Baby boomers, often shortened to boomers, are the demographic cohort following the Silent Generation and preceding Generation X. The generation is often defined as people born from 1946 to 1964, during the mid-20th century baby boom.[1] The dates, the demographic context, and the cultural identifiers may vary by country.[2][3][4][5] The baby boom has been described variously as a "shockwave"[6] and as "the pig in the python".[7][8] Most baby boomers are children of either the Greatest Generation or the Silent Generation, and are often parents of Gen Xers and Millennials.[9]

In the West, boomers' childhoods in the 1950s and 1960s had significant reforms in education, both as part of the ideological confrontation that was the Cold War,[10][11] and as a continuation of the interwar period.[12][13] In the 1960s and 1970s, as this relatively large number of young people entered their teens and young adulthood—the oldest turned 18 in 1964—they, and those around them, created a very specific rhetoric around their cohort,[14] and the social movements brought about by their size in numbers, such as the counterculture of the 1960s[15] and its backlash.[16]

In many countries, this period was one of deep political instability due to the postwar youth bulge.[16][17] In China, boomers lived through the Cultural Revolution and were subject to the one-child policy as adults.[18] These social changes and rhetoric had an important impact in the perceptions of the boomers, as well as society's increasingly common tendency to define the world in terms of generations, which was a relatively new phenomenon.

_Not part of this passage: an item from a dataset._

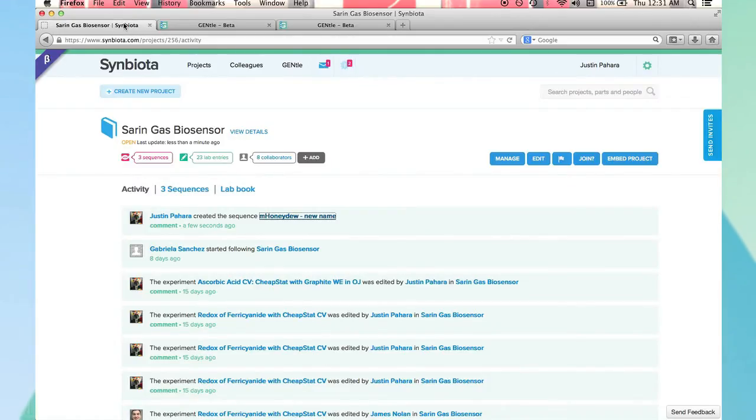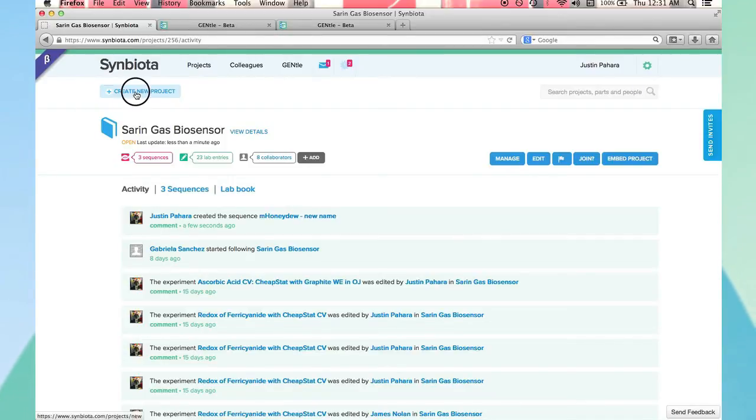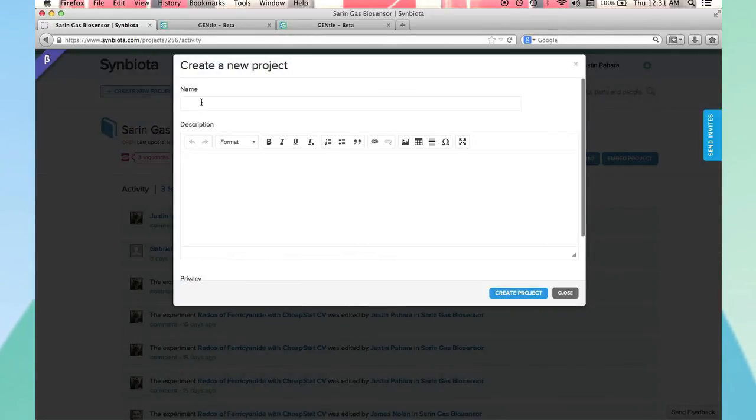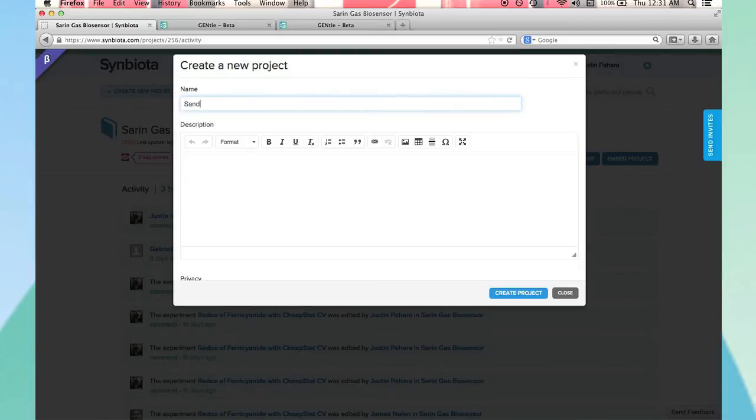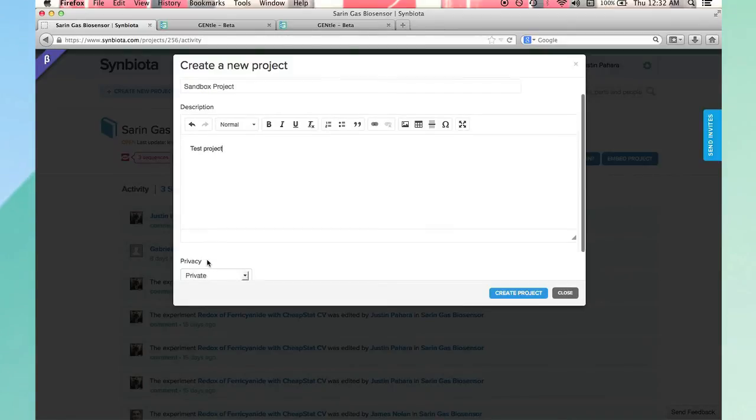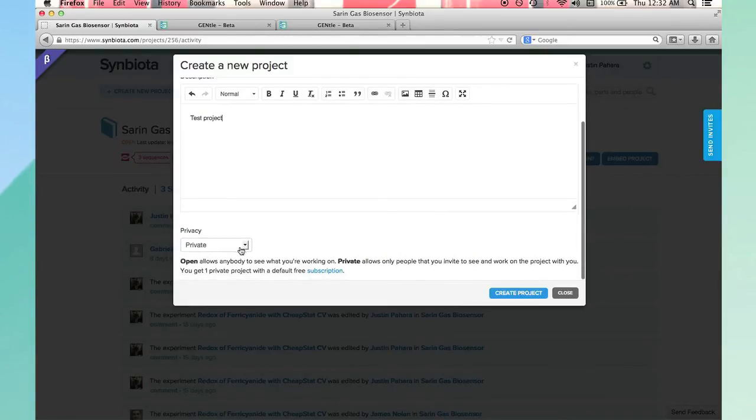Now that you've seen an active project populated with real data, let's create a project that you can get going. Add a title and a description. Choose whether you want this project to be private or open access.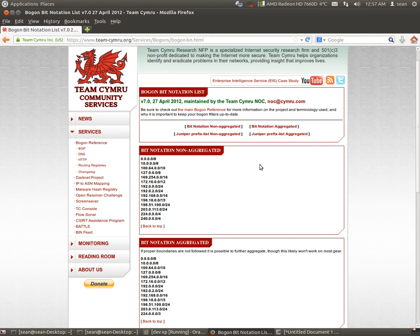Hello everyone, my name is Sean Mancini and today we're learning how to create and apply a Bogon access list.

This group reached puberty and maximum height earlier than previous generations.[19]

In Europe and North America, many boomers came of age in a time of increasing affluence and widespread government subsidies in postwar housing and education,[6] and grew up genuinely expecting the world to improve with time.[7] Those with higher standards of living and educational levels were often the most demanding of betterment.[16][20] In the early 21st century, baby boomers in some developed countries are the single biggest cohort in their societies due to subreplacement fertility and population aging.[21] In the United States, they are the second most numerous age demographic after millennials.[22]